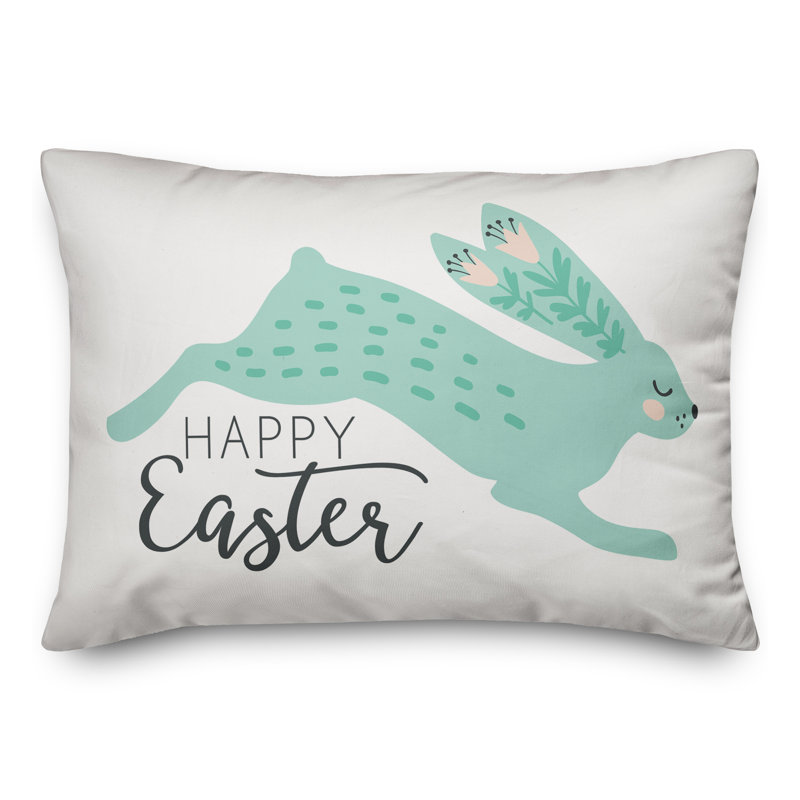  Coussin Leaping Rabbit, Polyester / Bourre en polyester, Bleu sarcelle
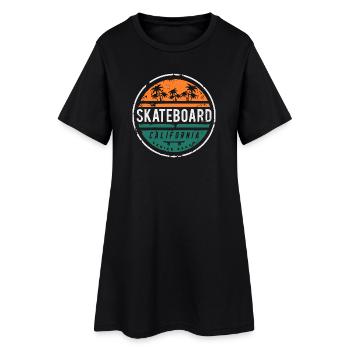 Skatebadge Venice Beach California Retro - Frauen T-Shirt-Kleid - Schwarz - Vorne
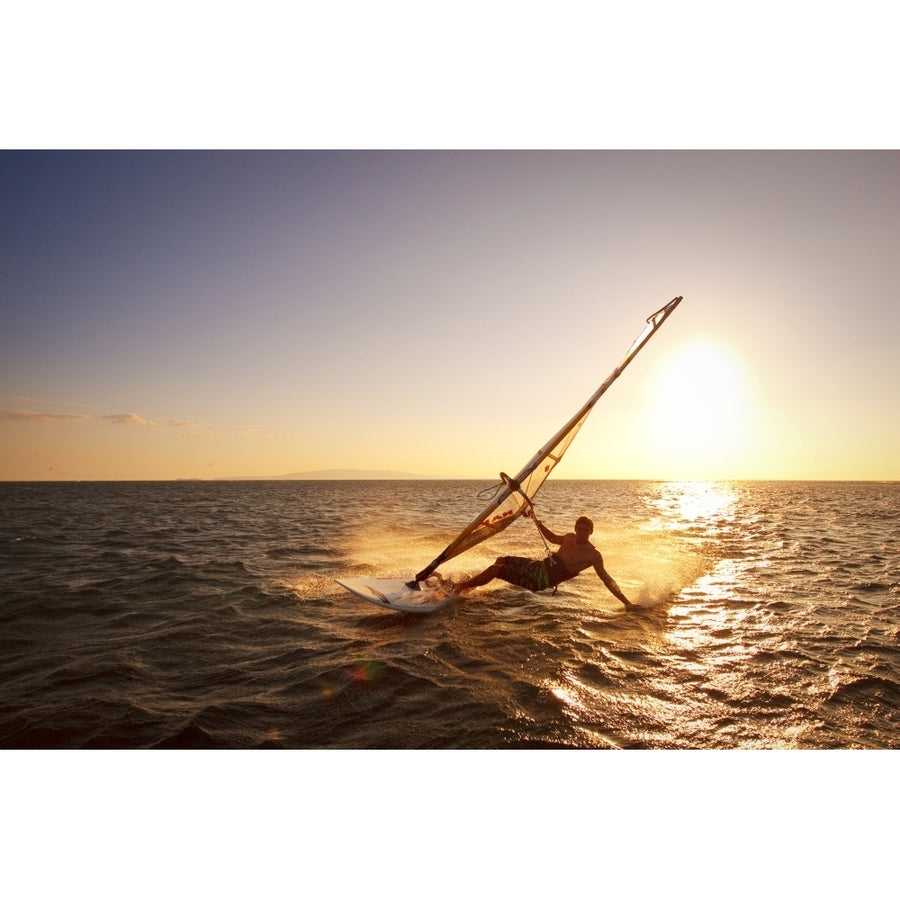 Hawaii Maui Kihei Windsurfer Sailing Off The Coast Of South Maui At Sunset. Poster Print (8 x 10) Image 1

....................

Task item:
Take the line containing "Skatebadge Venice Beach" and every line after it through the end of the data, and write them out exactly, with no pictures.

Written response:
 Skatebadge Venice Beach California Retro - Frauen T-Shirt-Kleid - Schwarz - Vorne
 Hawaii Maui Kihei Windsurfer Sailing Off The Coast Of South Maui At Sunset. Poster Print (8 x 10) Image 1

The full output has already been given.